Minna Kangasmaa hebt in ihren Werken die Handarbeitstradition stark hervor. Sie benutzt sie als Rohmaterial und bleibt nicht bei der Nachahmung der Tradition stehen. Ihre Annäherungsweise ist vielseitig. Sie verwendet beispielsweise eine traditionelle Handarbeitstechnik, häkelt aber nicht mit Baumwollgarn, sondern mit Kupfer. Bisweilen verwertet sie lediglich uralte Ziermuster und gibt sie zum Beispiel in Beton wieder. Die Muster der Klöppelspitzen sind häufig der Natur entlehnt. Sie folgen mit mathematischer Präzision ihrer jeweiligen rechnerischen Formel. Kangasmaa hat nach den Quellen der Spitzenmuster gesucht. Gegenüber den Spitzen, die ihr als Vorbild dienten, kehrt sie in ihren Werken stärker zur Natur zurück. Dadurch betont sie den Dialog zwischen Handarbeit und Natur.

Neben den Handarbeiten behandelt sie auch ein größeres Spektrum von Themen, die man in der Traditionsgeschichte der Frauenkultur zuordnen könnte. In diesem Zusammenhang interessiert sie sich speziell für die Ästhetik in Relation zu den Naturbildern.

Sie hat Baumwipfel fotografiert und mit den Aufnahmen eine Hochglanzillustrierte anfertigen lassen, auf deren Seiten sich die Wipfel präsentieren wie die Stoffkollektionen der Saison. Auf den ersten Blick könnte man das Werk als Kritik an der Oberflächlichkeit der Mode interpretieren, aber Kangasmaa ist nicht engstirnig. Wenn es um die Sehnsucht nach Schönheit geht, ist sie wohlwollend und verständnisvoll. Sie lässt die Bilder für sich sprechen. Die Formensprache der Natur hat so starken Einfluss auf die uns umgebende Alltagsdekoration, dass kein Widerspruch entsteht. Die allgegenwärtige Präsenz der Natur ist eine der zentralen Botschaften von Minna Kangasmaa.

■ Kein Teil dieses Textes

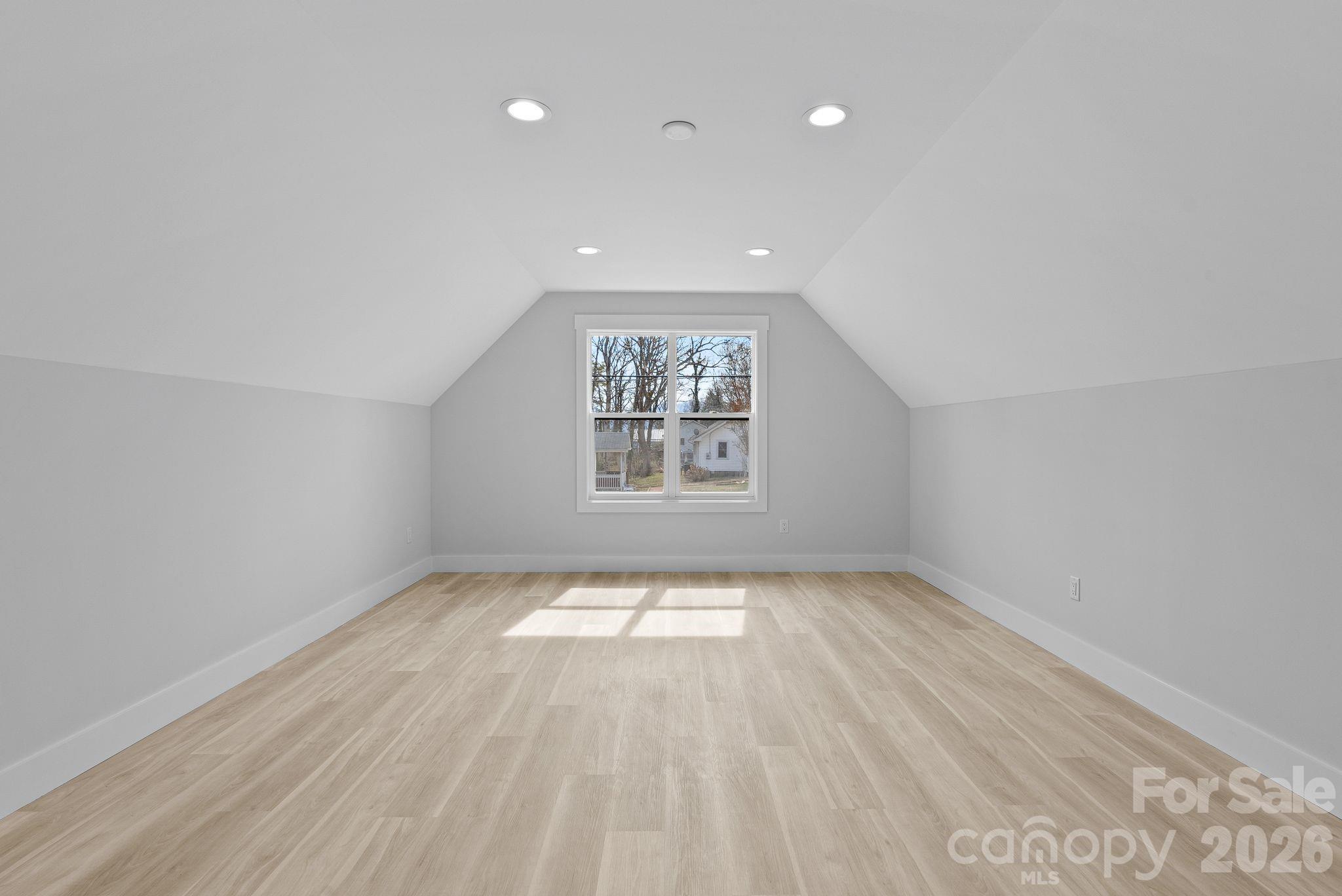 19 E Starnes Cove Road Asheville NC 28806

Der Gedanke des Recyclings der Ästhetik ist Kangasmaa wichtig. In ihren jüngsten Werken verarbeitet sie der Natur nachempfundene Muster von alten Porzellantellern. Aus ihrem Zusammenhang gerissen, erscheinen die Muster nicht unbedingt mehr schön. Sie zeigen verkrüppelte Formen und karge Vereinfachung. Beim Ausschneiden der Muster entsteht Porzellanabfall: feine, sandartige Brösel, die Kangasmaa ebenfalls ausstellt. Sie betonen die Wichtigkeit des Dekors. Die weiße Fläche wird zum Überrest, wenn man die Verzierungen herausholt. Zugleich erinnert der Abfall jedoch auch daran, dass viele natürliche Ressourcen nicht regenerativ sind und dass eines Tages auch das Rohmaterial des Porzellans aufgebraucht sein wird. Zudem ist auf der Materialebene kein Recycling von Porzellan möglich, denn im Gegensatz zu Glas eignet sich zerstoßenes Porzellan nicht zur Wiederverwertung. Kangasmaa gibt dem Material ein neues Leben und und erinnert zugleich an seine Endlichkeit. Minna Kangasmaa ist eine Bildhauerin, deren Arbeit vom Inhalt ausgeht. Verbunden sind ihre Werke durch die Naturbilder und die Behandlung der Handarbeitstradition. In Form und Material unterscheiden sie sich zum Teil erheblich voneinander. Bei ihren Skulpturen siedelt Kangasmaa zahlreiche Bedeutungen auf der Oberfläche an. Häufig schafft sie Reliefs oder ordnet die Form der Plastik auf andere Weise der Oberfläche unter. Zugleich ordnet sich die Form dem Inhalt unter, denn die Oberfläche der Verzierungen ist ihr Inhalt.